Re: Array of integer indexed nested-loop semi join

From: Mickael van der Beek <mickael(dot)van(dot)der(dot)beek(at)gmail(dot)com>
To: Jeff Janes <jeff(dot)janes(at)gmail(dot)com>
Cc: Pgsql Performance <pgsql-performance(at)lists(dot)postgresql(dot)org>
Subject: Re: Array of integer indexed nested-loop semi join
Date: 2022-05-23 14:46:41
Message-ID: CACM-OyccRwrO0WFfs7JRMqSqzLZK1bGRK9GwptMR1c02OzmdKQ@mail.gmail.com
Views: Raw Message | Whole Thread | Download mbox | Resend email
Thread:
Lists: pgsql-performance

Hello Jeff,

Thank you again for your advice.

I did indeed think of the ARRAY_AGG() version of the query.
Although this method is very fast (and does use indexes) for smallish array
sizes, this is sadly not practical in my case because the arrays of
matching rows can reach multiple hundreds of thousands of rows.
I thought of maybe "batching" the ARRAY_AGG() in batches of max n rows in a
subquery and then calculating intersection on that but it doesn't seem
practical or faster in the end.

> You could just add a DISTINCT to get rid of the duplicates.

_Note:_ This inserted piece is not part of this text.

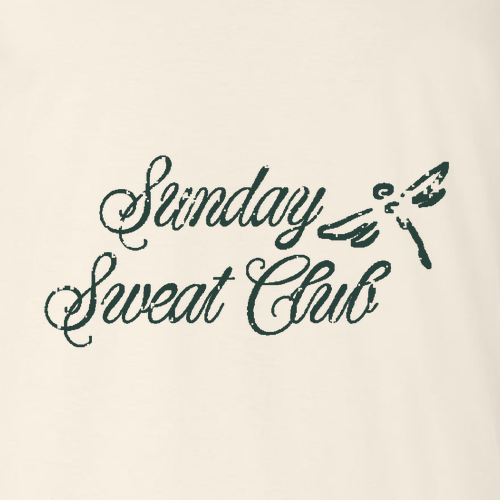 Gildan Heavy Cotton Basic T-Shirt -- Natural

Of course
that will also take some time on a large returned data set, but probably
less time than scanning a giant table. I think this is probably cleaner
than the alternatives.

Yes, and a GROUP BY will do the trick as well.
The fact that the current solution is a "nested loop" instead of a "nested
loop semi join" means that the query is much slower due to needing to GROUP
BY the rows.
This is why I tried various version using EXISTS, ANY, ARRAY_AGG(), etc
with no avail.
Would you have an idea on why PostgreSQL doesn't use the existing indexes
for this type of subqueries ?

> I don't know if you misunderstood. I meant specifically the intarray
extension. You can use integer arrays with built-in GIN indexes without
help from the intarray extension. Maybe you know that already and are just
saying that the extension is even faster than the built-in indexed
operators are and you need that extra speed.

Are there specific advantages to not using the intarray extension and it's
indexes in this case?
I was under the impression that it supported more operation types and was
generally faster for this niche use case.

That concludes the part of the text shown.